Data for analysis:
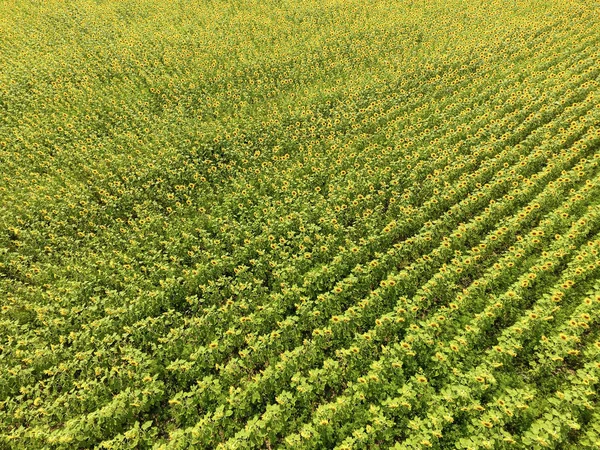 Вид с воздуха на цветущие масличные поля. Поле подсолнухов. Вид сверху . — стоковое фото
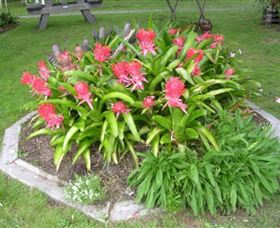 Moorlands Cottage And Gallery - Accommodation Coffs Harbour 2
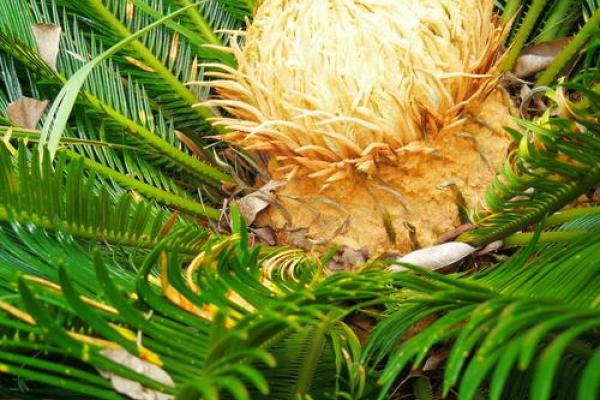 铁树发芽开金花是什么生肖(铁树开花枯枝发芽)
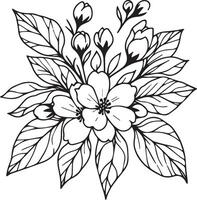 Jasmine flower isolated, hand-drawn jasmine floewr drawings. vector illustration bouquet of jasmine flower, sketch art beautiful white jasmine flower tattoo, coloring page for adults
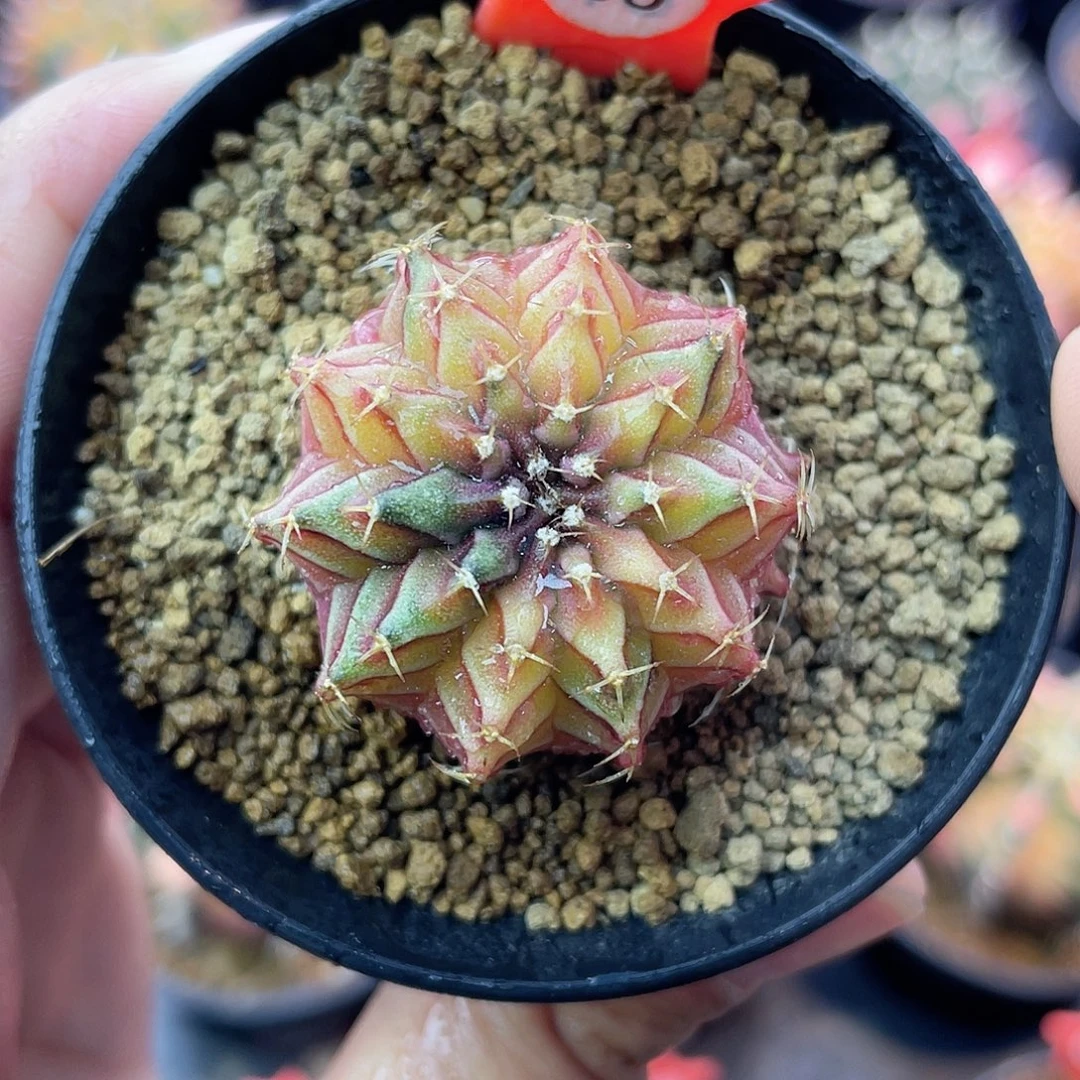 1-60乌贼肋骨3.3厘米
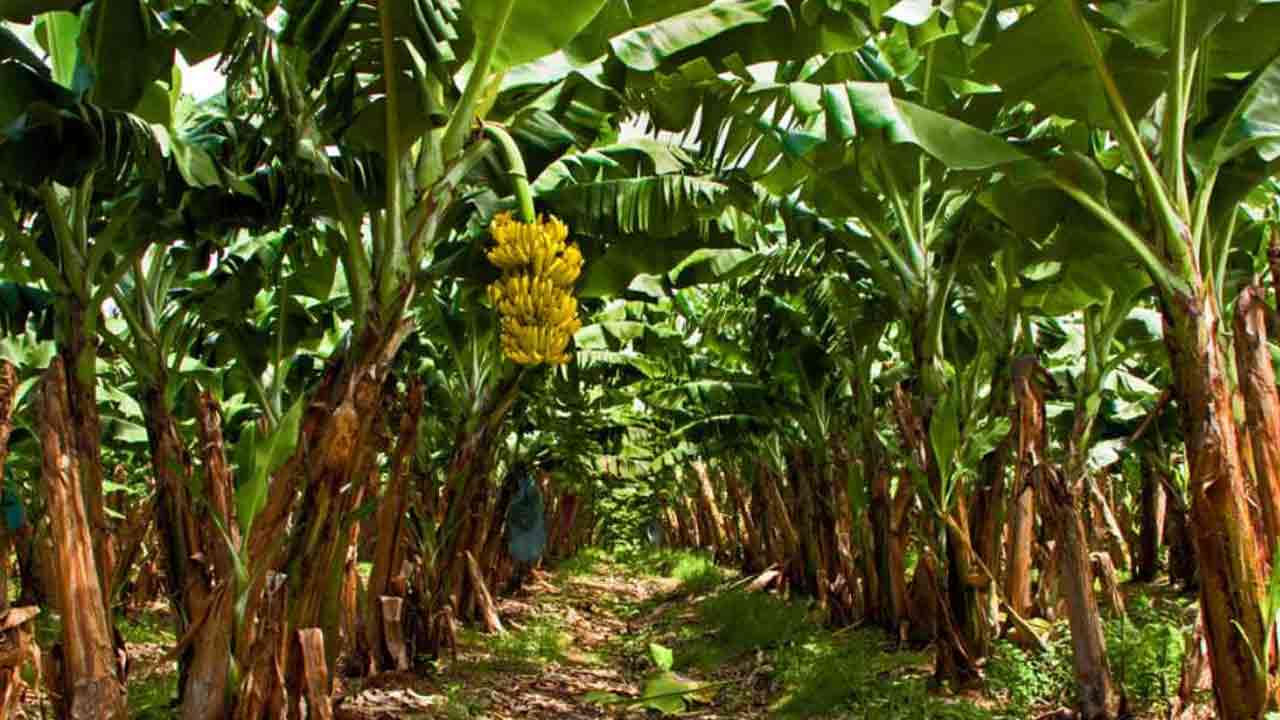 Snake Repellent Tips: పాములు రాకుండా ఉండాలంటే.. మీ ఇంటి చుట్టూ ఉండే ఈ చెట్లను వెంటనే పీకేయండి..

...

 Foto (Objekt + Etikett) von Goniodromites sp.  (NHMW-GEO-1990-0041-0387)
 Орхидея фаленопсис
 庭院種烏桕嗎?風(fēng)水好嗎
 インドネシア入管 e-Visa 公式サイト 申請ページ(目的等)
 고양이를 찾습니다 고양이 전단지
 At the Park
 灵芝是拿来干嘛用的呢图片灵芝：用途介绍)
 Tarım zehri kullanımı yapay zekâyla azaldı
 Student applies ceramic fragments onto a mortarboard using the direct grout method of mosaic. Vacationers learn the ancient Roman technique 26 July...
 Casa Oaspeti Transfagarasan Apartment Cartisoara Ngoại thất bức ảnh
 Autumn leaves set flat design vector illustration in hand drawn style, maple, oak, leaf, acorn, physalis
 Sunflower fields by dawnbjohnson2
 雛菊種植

Work required: Reproduce the data above exactly, but only from the line containing "Вид с воздуха" through the line containing "Snake Repellent Tips: పాములు"; skip the pictures.

Output:
 Вид с воздуха на цветущие масличные поля. Поле подсолнухов. Вид сверху . — стоковое фото
 Moorlands Cottage And Gallery - Accommodation Coffs Harbour 2
 铁树发芽开金花是什么生肖(铁树开花枯枝发芽)
 Jasmine flower isolated, hand-drawn jasmine floewr drawings. vector illustration bouquet of jasmine flower, sketch art beautiful white jasmine flower tattoo, coloring page for adults
 1-60乌贼肋骨3.3厘米
 Snake Repellent Tips: పాములు రాకుండా ఉండాలంటే.. మీ ఇంటి చుట్టూ ఉండే ఈ చెట్లను వెంటనే పీకేయండి..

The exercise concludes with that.